Substantive Art Integration = Exemplary Art Education
Marshall, Julia, Art Education
It is time for new ideas and models for art education. Current developments in contemporary art, learning theory and in art education itself demand new approaches and provide inspiration and guidance for change. Each area brings particular components to the table but they all have one primary element in common: a call for an art education that is better connected to the concepts and ideas behind art and art practice, and to areas of inquiry outside of art. I propose an art education that is built on these broad and deep connections. I call it substantive art integration and believe it to be a core principle of an exemplary art education. Here is a summary of the foundations of this approach, an explanation of substantive integration and a sample project that demonstrates how it plays out in practice.

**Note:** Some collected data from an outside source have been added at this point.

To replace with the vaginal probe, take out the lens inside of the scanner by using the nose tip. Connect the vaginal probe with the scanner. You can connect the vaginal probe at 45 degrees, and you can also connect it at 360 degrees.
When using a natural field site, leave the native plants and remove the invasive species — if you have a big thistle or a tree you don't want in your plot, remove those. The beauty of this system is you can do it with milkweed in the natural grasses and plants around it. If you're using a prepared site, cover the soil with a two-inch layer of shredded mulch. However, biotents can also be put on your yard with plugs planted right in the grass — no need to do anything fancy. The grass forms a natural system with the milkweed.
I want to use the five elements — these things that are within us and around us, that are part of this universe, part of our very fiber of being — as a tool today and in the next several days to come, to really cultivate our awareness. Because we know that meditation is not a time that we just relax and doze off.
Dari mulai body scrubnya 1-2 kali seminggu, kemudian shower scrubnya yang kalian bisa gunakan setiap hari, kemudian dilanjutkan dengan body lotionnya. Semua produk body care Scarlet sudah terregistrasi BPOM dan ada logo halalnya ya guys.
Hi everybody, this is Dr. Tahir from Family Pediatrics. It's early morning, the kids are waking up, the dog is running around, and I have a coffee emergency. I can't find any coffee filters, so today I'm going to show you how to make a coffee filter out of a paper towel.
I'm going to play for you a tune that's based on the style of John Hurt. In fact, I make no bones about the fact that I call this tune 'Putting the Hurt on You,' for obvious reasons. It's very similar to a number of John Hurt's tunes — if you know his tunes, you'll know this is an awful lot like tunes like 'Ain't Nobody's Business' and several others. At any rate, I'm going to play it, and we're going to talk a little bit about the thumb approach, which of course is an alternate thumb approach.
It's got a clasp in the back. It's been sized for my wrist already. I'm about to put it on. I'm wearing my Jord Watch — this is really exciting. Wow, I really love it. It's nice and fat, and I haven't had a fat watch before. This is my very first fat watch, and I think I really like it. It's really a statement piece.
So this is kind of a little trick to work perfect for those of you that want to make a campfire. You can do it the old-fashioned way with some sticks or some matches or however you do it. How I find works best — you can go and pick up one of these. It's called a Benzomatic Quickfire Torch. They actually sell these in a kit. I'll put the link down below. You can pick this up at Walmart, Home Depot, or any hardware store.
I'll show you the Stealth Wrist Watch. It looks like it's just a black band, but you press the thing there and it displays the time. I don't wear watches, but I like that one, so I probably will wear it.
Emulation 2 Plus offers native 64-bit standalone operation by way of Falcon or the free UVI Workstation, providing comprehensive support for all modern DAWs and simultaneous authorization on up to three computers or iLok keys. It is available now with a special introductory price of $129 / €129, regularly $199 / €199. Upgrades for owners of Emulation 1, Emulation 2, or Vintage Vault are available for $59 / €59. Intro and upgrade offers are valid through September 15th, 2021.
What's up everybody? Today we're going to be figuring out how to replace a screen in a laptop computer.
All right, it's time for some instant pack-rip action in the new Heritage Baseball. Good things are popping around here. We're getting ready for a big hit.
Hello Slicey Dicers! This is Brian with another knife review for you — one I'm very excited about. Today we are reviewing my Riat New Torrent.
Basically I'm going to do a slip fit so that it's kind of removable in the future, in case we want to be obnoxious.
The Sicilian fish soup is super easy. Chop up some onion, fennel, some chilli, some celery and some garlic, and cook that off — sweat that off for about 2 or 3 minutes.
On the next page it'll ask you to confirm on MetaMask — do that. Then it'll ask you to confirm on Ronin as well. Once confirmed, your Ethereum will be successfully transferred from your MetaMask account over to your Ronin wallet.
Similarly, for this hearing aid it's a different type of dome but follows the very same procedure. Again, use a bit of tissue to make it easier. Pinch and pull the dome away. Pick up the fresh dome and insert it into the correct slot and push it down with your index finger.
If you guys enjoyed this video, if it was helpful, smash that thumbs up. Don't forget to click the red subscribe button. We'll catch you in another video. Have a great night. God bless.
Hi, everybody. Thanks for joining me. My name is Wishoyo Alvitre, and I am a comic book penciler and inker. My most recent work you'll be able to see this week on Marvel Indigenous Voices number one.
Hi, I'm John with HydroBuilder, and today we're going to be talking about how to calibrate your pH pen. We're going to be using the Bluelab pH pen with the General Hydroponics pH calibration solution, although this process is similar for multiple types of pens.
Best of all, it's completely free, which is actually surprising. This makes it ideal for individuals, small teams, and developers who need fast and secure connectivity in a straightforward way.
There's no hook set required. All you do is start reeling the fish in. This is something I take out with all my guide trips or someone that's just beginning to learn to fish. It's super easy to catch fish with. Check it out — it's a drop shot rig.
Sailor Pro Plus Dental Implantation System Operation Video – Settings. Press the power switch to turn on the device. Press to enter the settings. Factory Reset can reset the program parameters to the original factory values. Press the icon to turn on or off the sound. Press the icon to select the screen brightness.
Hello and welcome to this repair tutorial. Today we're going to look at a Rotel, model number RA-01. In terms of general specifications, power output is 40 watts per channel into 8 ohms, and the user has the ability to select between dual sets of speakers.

Contemporary postmodern art offers new ways for understanding and making art. Current art is eclectic, taking many forms, styles and approaches. It often quotes images and styles from visual culture and global visual traditions, as well as from Western art history (Efland, Freedman, & Stuhr, 1996). It is conceptually based, and it emphasizes ideas (Freedman, 2003a). It also frequently uses irony and humor created through surprising juxtapositions and incongruous combinations. It finds new forms, processes and content in areas outside the domain of art (Marshall, 2005).Above all, contemporary art is focused not on pure form or aesthetic pleasure but on making meaning or reinterpreting meaning (FJland, Freedman, & Stuhr, 1996).
Therefore, contemporary art practice promotes an art education that: (1) foregrounds thinking and conceptualization, building conceptual and technical skills simultaneously; (2) utilizes current art strategies; (3) appropriates or quotes images from visual culture and art; (4) looks at art in an anthropological way-examining how art expresses cultural values and meanings; (5) teaches a myriad of techniques, materials, forms and art genres, including experimental and interdisciplinary genres; and (6) has meaningmaking as its primary objective. Because current art focuses on content from all areas of life, it also calls for curriculum integration.
Cognitive Theory: Constructivism, Connections and Imagination
Constructivism had its origins in the early 20th century in the pragmatist theories of John Dewey (2001), and was shaped by two seminal figures: Jean Piaget (1963) who explained learning in terms of an individual acting autonomously, and LevVygotsky (1978) who understood learning as a process influenced by culture and dependent on interactions with others (Efland, 2002, Freedman, 2003b, Noddings, 1995).The two major branches of constructivism, the cognitive-developmental approach (Piaget) and socioculturel theory (Vygotsky), share some core tenets and are at the center of current learning theory (connectionism) (Bransford, Brown, & Cocking, Eds., 2000). Its basic principles are: (1) learning is a connection-making process, where the learner links new experience to prior experience in order to acquire new information and to make sense of it; (2) the learner constructs his or her knowledge; (3) learning is an active process of interaction and experimentation; (4) knowledge is built through successive steps that build upon one another; and (5) we learn most often from others.
Understanding is the ultimate goal of learning (Bransford et al., 2000), and a good way to build understanding of information is to use or apply it (Dewey, 2001). This is where art comes in. An art lesson calls for students to translate information into visual images or to take that information further and to apply it in imaginative ways. Imaginative applications build understandings of the information. Making imaginative projections leads to learning that is personal and meaningful because the learner plays with the information and construes it in his or her own way. …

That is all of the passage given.